Ist das Mural Arts-Programm also eine Art gesellschaftliche Kunsttherapie? Phyl freut sich über diese Frage, sie hat ihre Antwort sofort parat: „Ja, und sie funktioniert. Wir haben hier unglaubliche Dinge erlebt. Die Leute ticken anders, wenn sie einmal bei uns gearbeitet haben.“

Neben 36 festangestellten Mitarbeitern und unzähligen freiwilligen Helfern werden jährlich rund 100 wegen Vandalismus verurteilte Sprayer von der Stadt engagiert und bezahlt, um bei der Planung und Durchführung von Mural-Projekten zu helfen. Die Rückfallquote bei jugendlichen Straftätern, die einmal im Mural Arts-Programm gearbeitet haben, liegt bei 20 Prozent. Das ist ein Riesenerfolg. In anderen Programmen, sagt Phyl, liege die Quote nämlich bei bis zu 70 Prozent.

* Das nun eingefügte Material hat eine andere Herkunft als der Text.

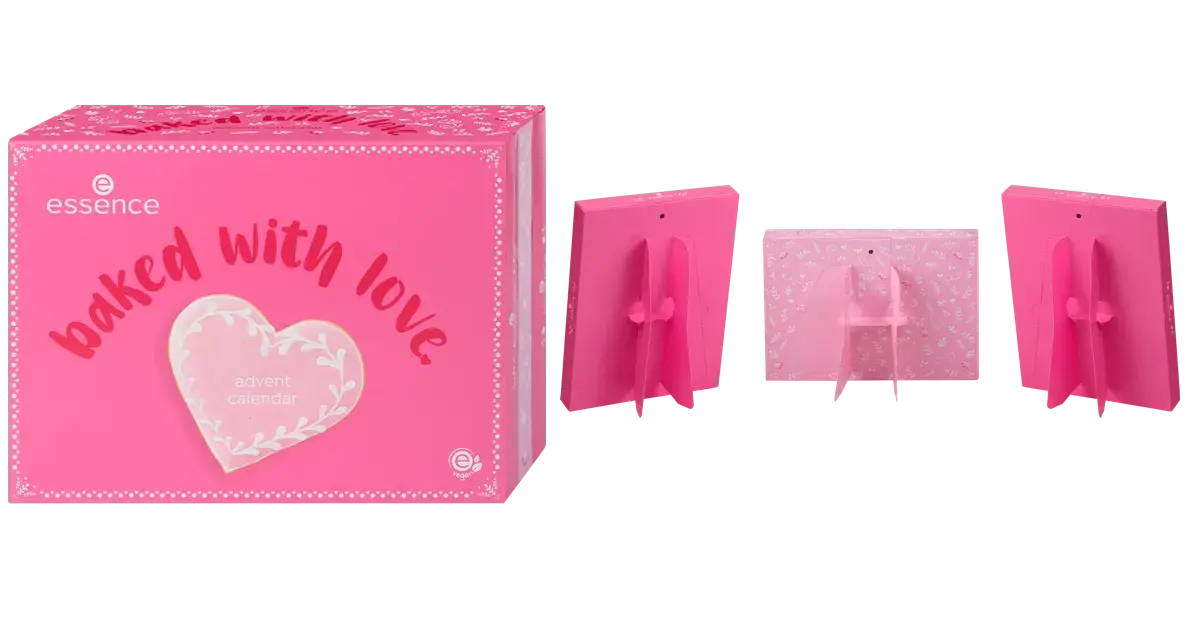 essence baked with love | Presse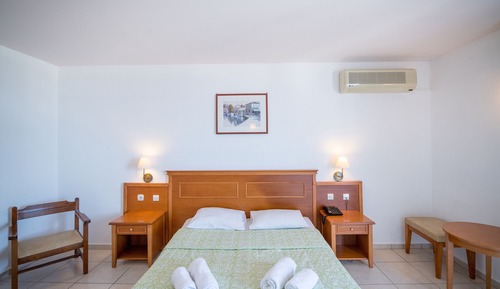 Habitación estándar doble, vistas a la montaña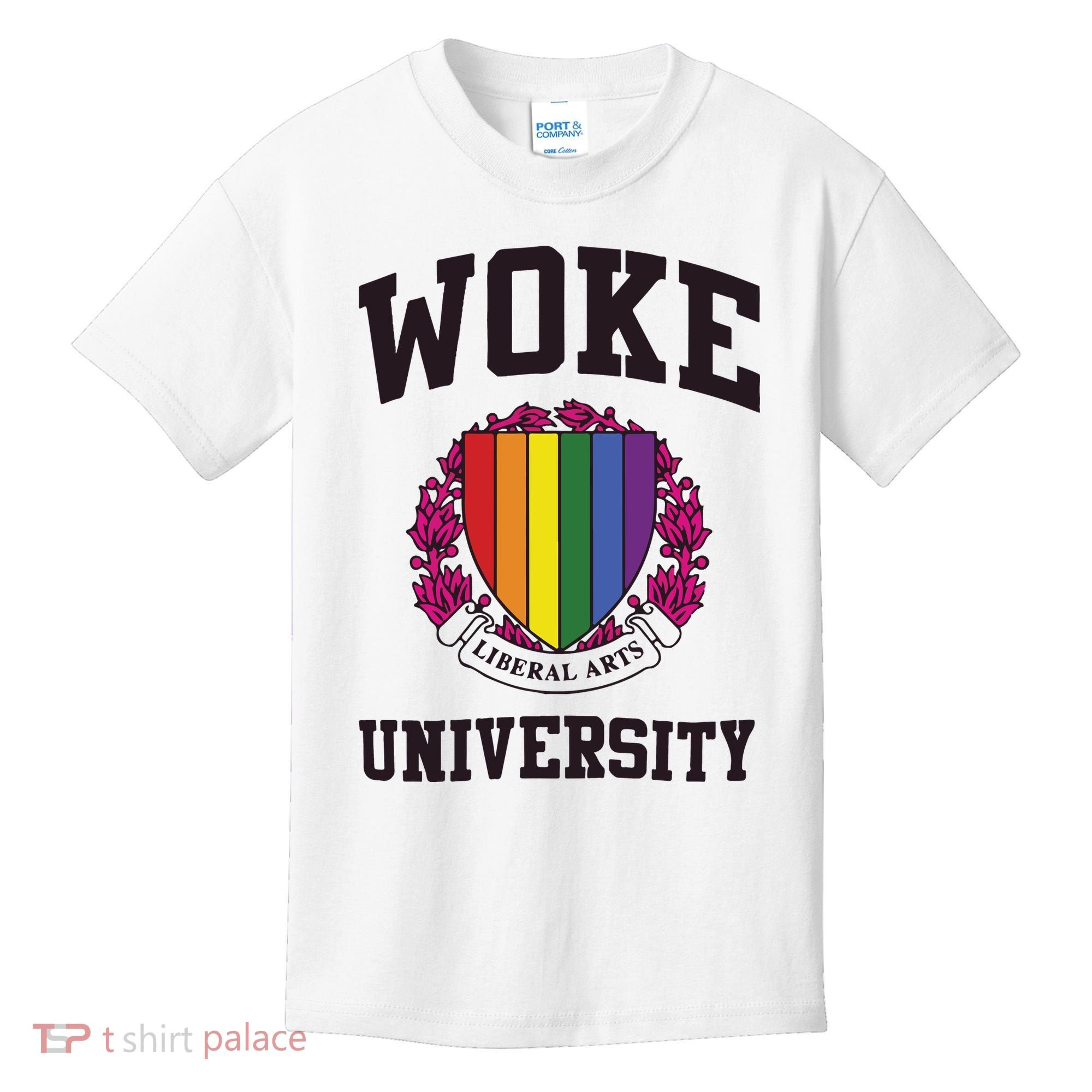 Woke University Kids T-Shirt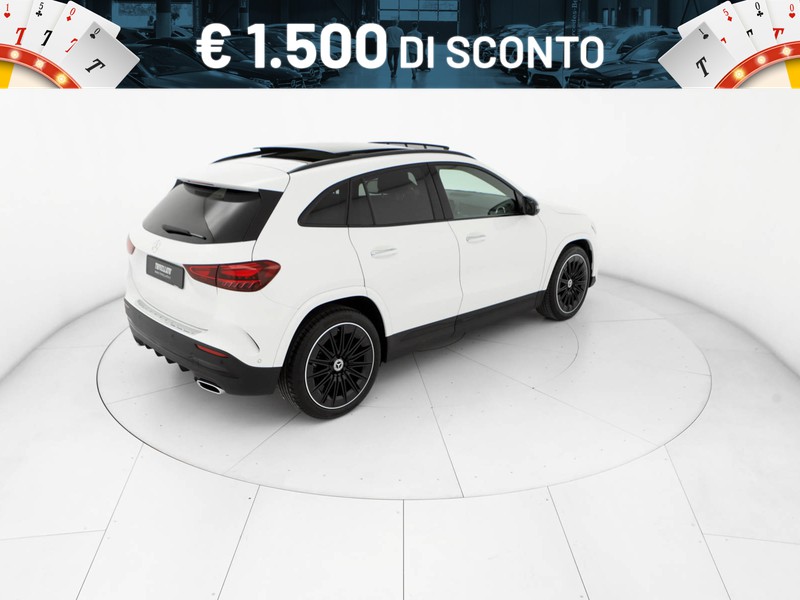 Mercedes GLA 200 d amg line advanced plus 4matic auto diesel bianco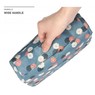 Дорожный органайзер Monopoly toiletry pouch. Синие звезды
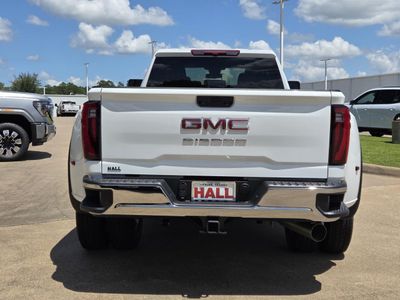 2026 GMC Sierra 3500 HD — interior view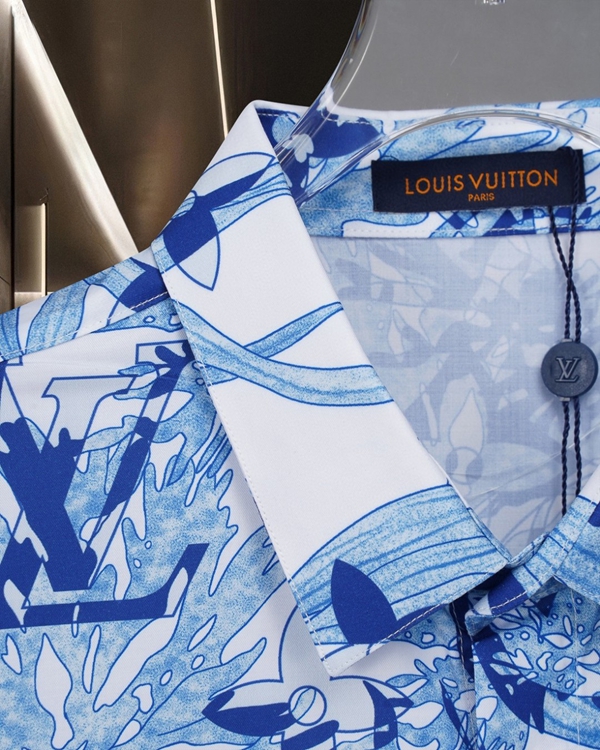 ブランドシャツ素材ディテール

Woher kommt der Erfolg? Auch darauf hat Phyl eine Antwort: „Sprayer sind künstlerisch hoch talentiert. Gib ihnen einen Pinsel statt einer Spraydose und sie wissen genau, wie sie ihn einsetzen müssen“, sagt sie. „Wer etwas so großartiges und großes schafft, entwickelt ein Verhältnis zu seinem Gemälde, seinem Zuhause und zu seiner Stadt.“ Das, so Phyl, wirke sich positiv auf die Gesellschaft aus.

Philadelphias Murals sind eine Erfolgsgeschichte. Rund um den Globus versuchen Städte, die Initiative zu kopieren. Die Wandgemälde erfreuen indes nicht nur die Bewohner, sondern auch die Touristen. Auf Touren werden die Gemälde für Besucher erlebbar.

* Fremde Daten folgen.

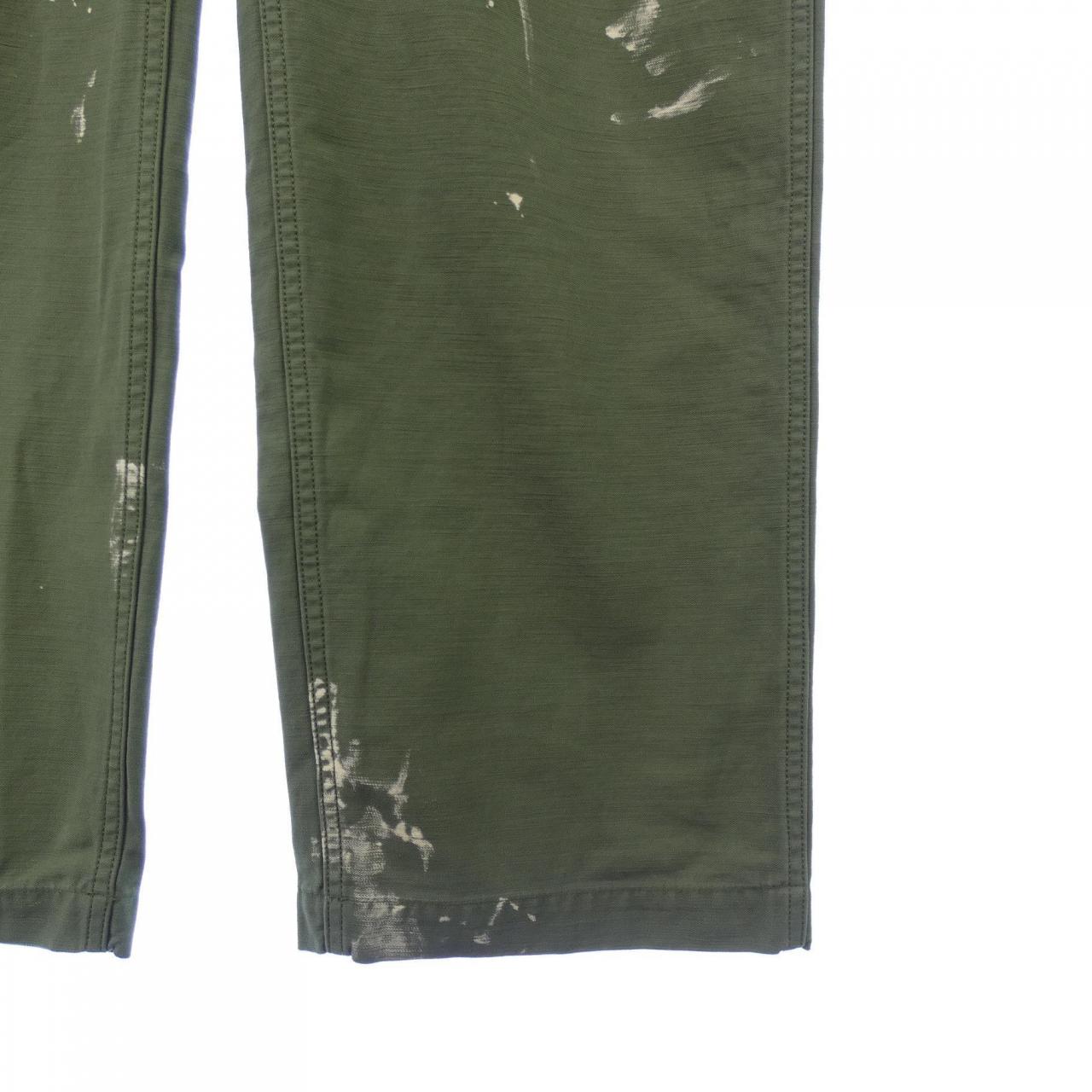 オーラリー AURALEE A25AP01BP パンツ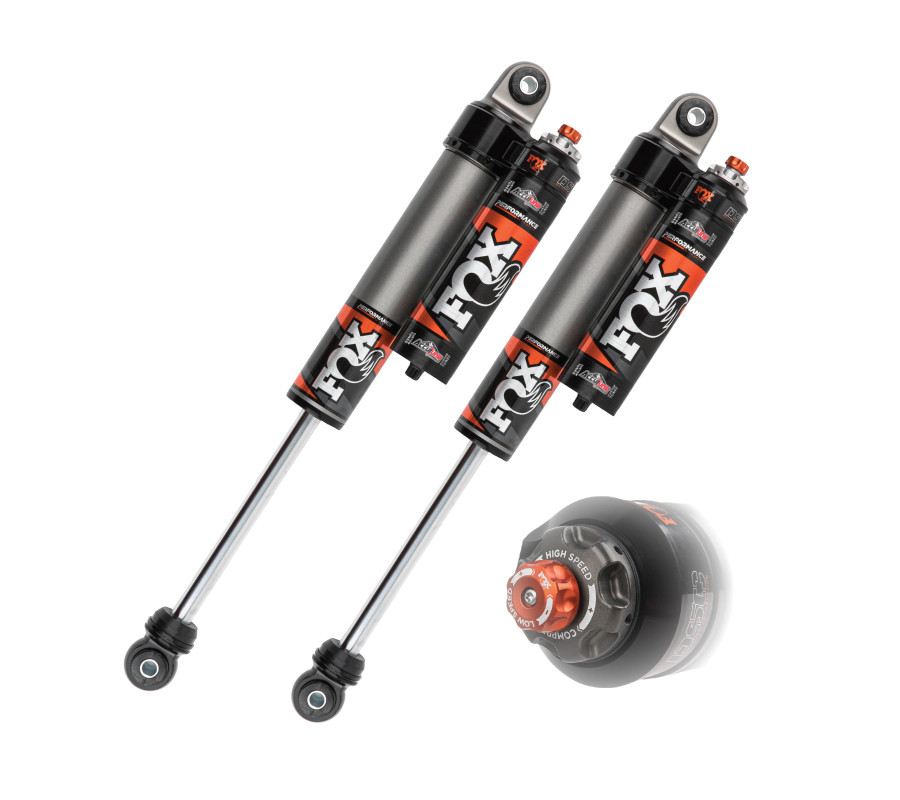 FOX | 20-On GM 2500/3500, Rear, 2.5 Truck Performance Series, P/B, 10.17", 0-1" Lift, DSC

Wer eine solche Tour bucht, sieht nicht nur die Stadt Philadelphia mit anderen Augen, sondern erfährt viel über die amerikanische Geschichte und Kultur. In den Bildern geht es um das Streben nach Gleichberechtigung, das Zusammenleben von Weißen und Schwarzen, um Homosexualität, Religion und um die lange und spannende Geschichte der Stadt, in der die amerikanische Unabhängigkeitserklärung unterzeichnet und die Verfassung ausgearbeitet wurde.

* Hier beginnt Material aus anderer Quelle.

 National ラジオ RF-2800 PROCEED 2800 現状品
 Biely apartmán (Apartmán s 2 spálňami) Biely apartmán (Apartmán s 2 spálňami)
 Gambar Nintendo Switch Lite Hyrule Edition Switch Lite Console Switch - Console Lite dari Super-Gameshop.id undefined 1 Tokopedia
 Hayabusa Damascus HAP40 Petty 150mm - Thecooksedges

Auf unserem Weg durch die Stadt bleibt Phyl stehen, um die Bedeutung eines Gemäldes zu erklären. „A People’s Progression Toward Equality“ – ein Volk und sein Weg zur Gleichberechtigung – zeigt ein Haus im Querschnitt, in dem sich auf mehreren Etagen Menschen befinden. Treppen verbinden die Stockwerke. Alle arbeiten gemeinsam an einer Statue von Abraham Lincoln. Im Keller steht das Gerüst, Sklaven hantieren mit Werkzeug: Szenen aus den Anfängen Amerikas. Weiter oben Szenen aus dem Bürgerkrieg: Afroamerikaner und Weiße arbeiten gemeinsam an der halbfertigen Statue – allerdings von verschiedenen Seiten. Im obersten Geschoss widmen sie sich gemeinsam der Feinarbeit an der fertigen Statue des 16. amerikanischen Präsidenten, der sich Zeit seines Lebens gegen die Sklaverei aussprach. Und doch suggeriert eine weitere Leiter durch ein geöffnetes Dachfenster, dass da noch etwas kommen könnte. „Unsere Gesellschaft ist auf einem guten Weg, aber wir sind noch nicht am Ziel“, bemerkt Phyl.

Die meisten Murals entstehen nicht direkt an der Wand, sondern im Atelier. Jedes dieser Kunstwerke ist ein überdimensioniertes Malen nach Zahlen auf Leinwand. Beauftragt wird es bei Künstlern, aber gestaltet wird gemeinsam. Stück für Stück wird der spezielle, fertig bemalte Untergrund dann am Ende auf der Mauer aufgebracht. Acht bis zwölf Monate dauert das. Und wenn ein Gemälde fertig ist, ist Philadelphia wieder um ein Kunstwerk reicher.